Re: Comparison to ZFS and BTRFS

From: Demi Marie Obenour <demi@invisiblethingslab.com>
To: Kent Overstreet <kent.overstreet@gmail.com>
Cc: linux-bcachefs@vger.kernel.org
Subject: Re: Comparison to ZFS and BTRFS
Date: Tue, 19 Apr 2022 09:16:43 -0400	[thread overview]
Message-ID: <Yl62Pe/mrvb1mzuD@itl-email> (raw)
In-Reply-To: <20220419013534.fb5m6kd6f6ithcig@moria.home.lan>

[-- Attachment #1: Type: text/plain, Size: 8352 bytes --]
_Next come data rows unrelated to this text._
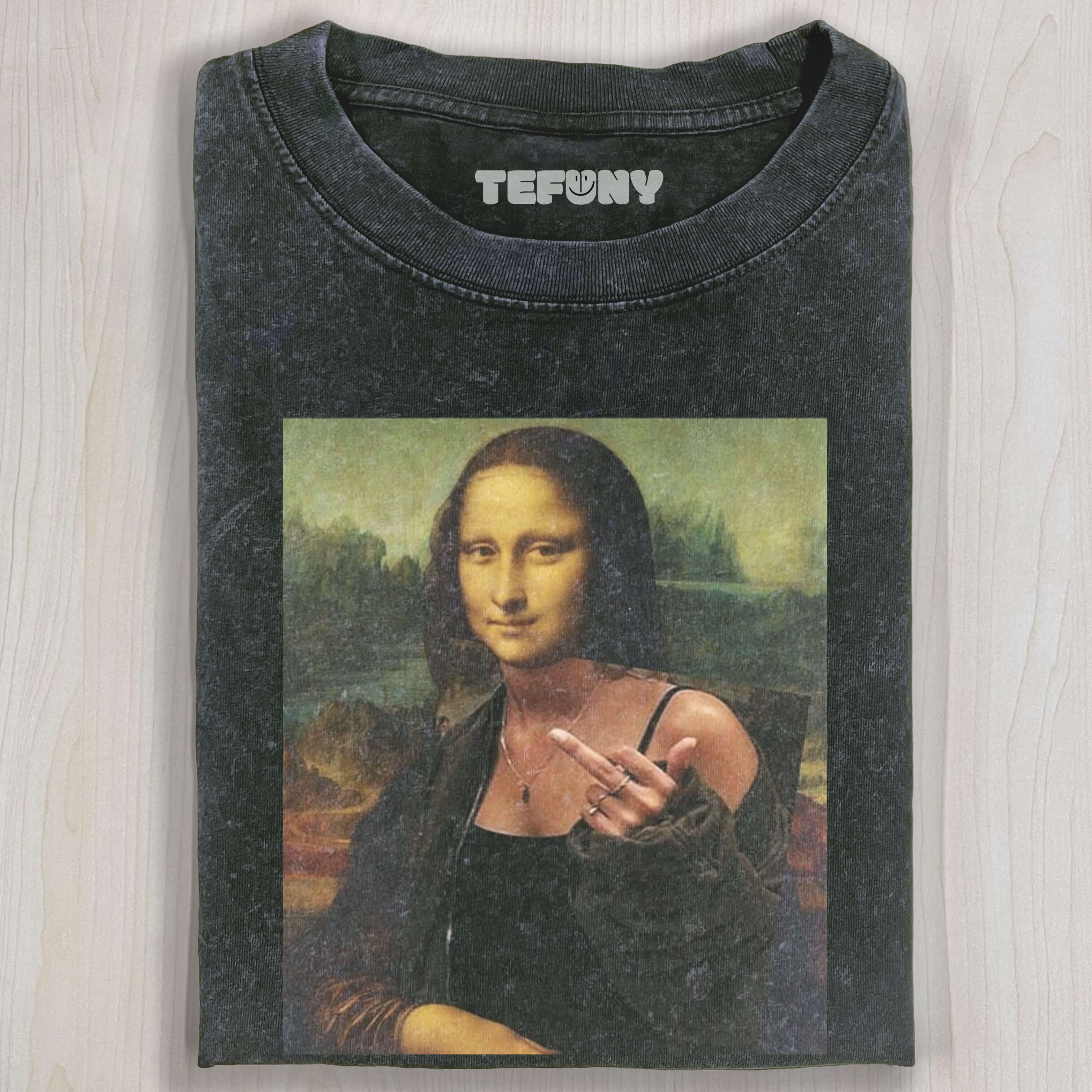 MONA LISA FUNNT T-SHIRT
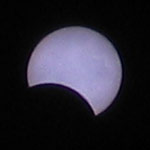 Eclipse parcial de Sol 2006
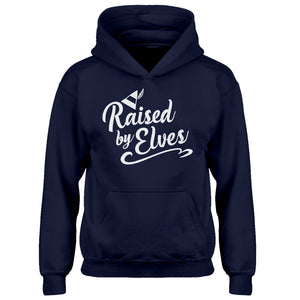 Youth Raised by Elves Kids Hoodie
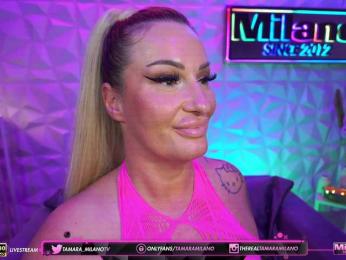 TamaraMilano bongacams stream image, 01.02.2026 09:00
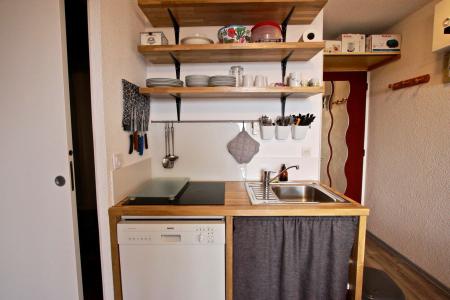 Vacaciones en montaña Apartamento cabina para 4 personas (409) - Résidence l'Edelweiss - Chamrousse - Kitchenette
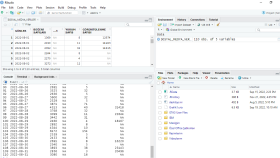 Rstudio  programında veri analizini yaparım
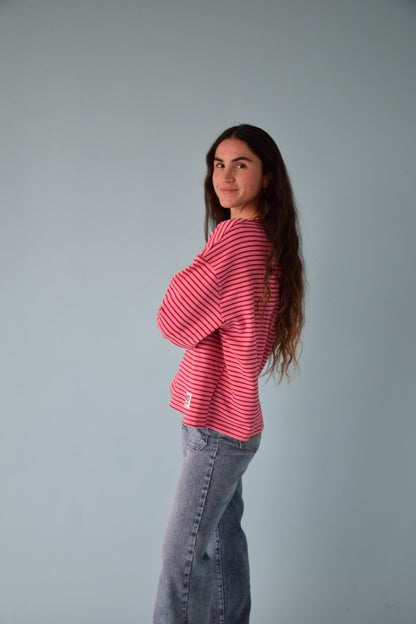 Red and Pink Sea T-shirt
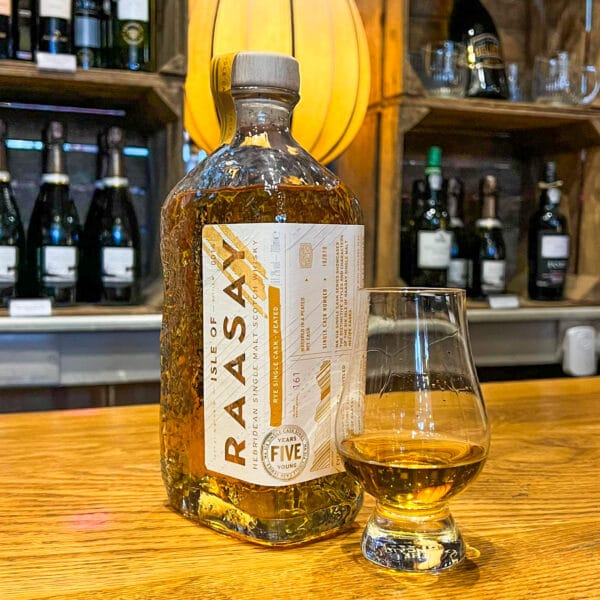 WIN THIS Raasay 5 Year Old Na Sia Single Peated Rye Cask Whisky 61.2% 70cl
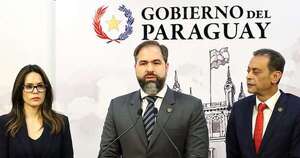 La Nación / Barchini renuncia al Ministerio de Justicia y asume Nicora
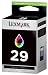 Lexmark #29 factory (OEM) Color Return Program Print Cartridge 18C1429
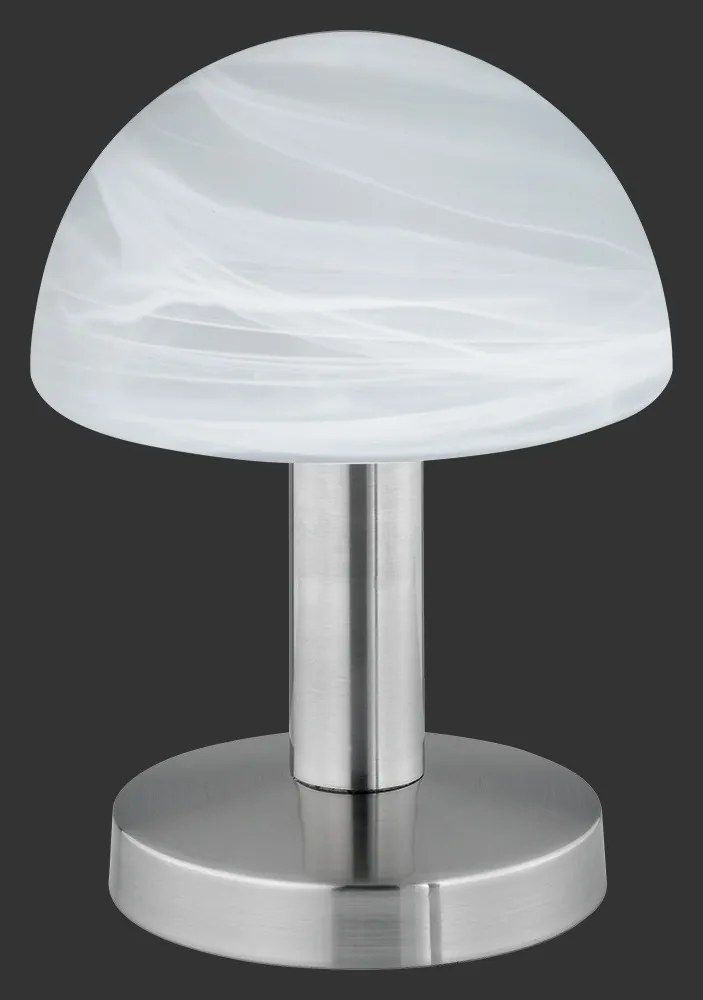 Trio FYNN 599000107 dotykové stolové lampy  biely   excl. 1 x E14, max. 40W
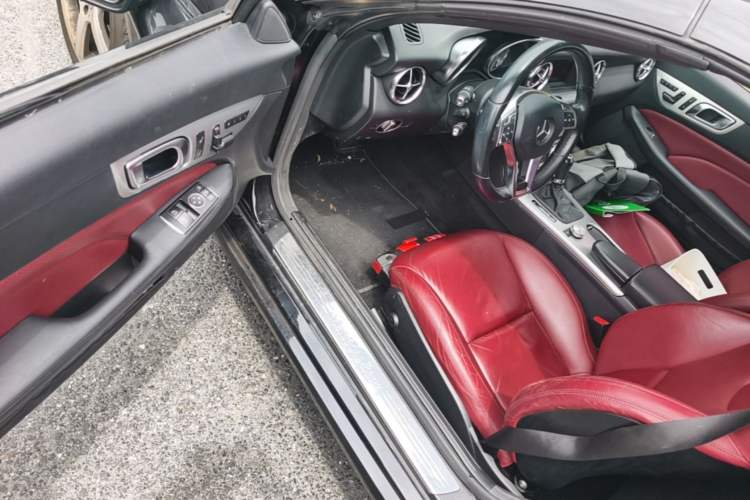 Used Mercedes-Benz SLK-Class 2011 SLK 200 Fashion Model Driver Seat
On Mon, Apr 18, 2022 at 09:35:34PM -0400, Kent Overstreet wrote:
> On Mon, Apr 18, 2022 at 10:07:38AM -0400, Demi Marie Obenour wrote:
> > On Fri, Apr 15, 2022 at 03:11:40PM -0400, Kent Overstreet wrote:
> > > On Wed, Apr 06, 2022 at 02:55:04AM -0400, Demi Marie Obenour wrote:
> > > > How does bcachefs manage to outperform ZFS and BTRFS?  Obviously being
> > > > licensed under GPL-compatible terms is an advantage for inclusion in
> > > > Linux, but I am more interested in the technical aspects.
> > > > 
> > > > - How does bcachefs avoid the nasty performance pitfalls that plague
> > > >   BTRFS?  Are VM disks and databases on bcachefs fast?
> > > 
> > > Clean modular design (the result of years of slow incremental work), and a
> > > _blazingly_ fast B+ tree implementation.
> > > 
> > > We're not fast in every situation yet. We don't have a nocow (non copy-on-write)
> > > mode, and slow random reads can be slow due to checksum granularity being at the
> > > extent level (which is a good tradeoff in most situations, but we need an option
> > > for smaller checksum granularity at some point).
> > 
> > How well does bcachefs handle writes to files that have extents shared
> > (via reflinks or snapshots) with other files?  I would like to use
> > bcachefs in Qubes OS once it reaches mainline, and in Qubes OS, each VM
> > disk image is typically a snapshot of the previous revision.  Therefore,
> > each write breaks sharing.  I am curious how well bcachefs handles this
> > situation; I know that at least dm-thin is not optimized for it.  Also,
> > for a file of size N, are reflinks O(N), or are they O(log N) or better?
> 
> O(N), but they're also cheap to overwrite.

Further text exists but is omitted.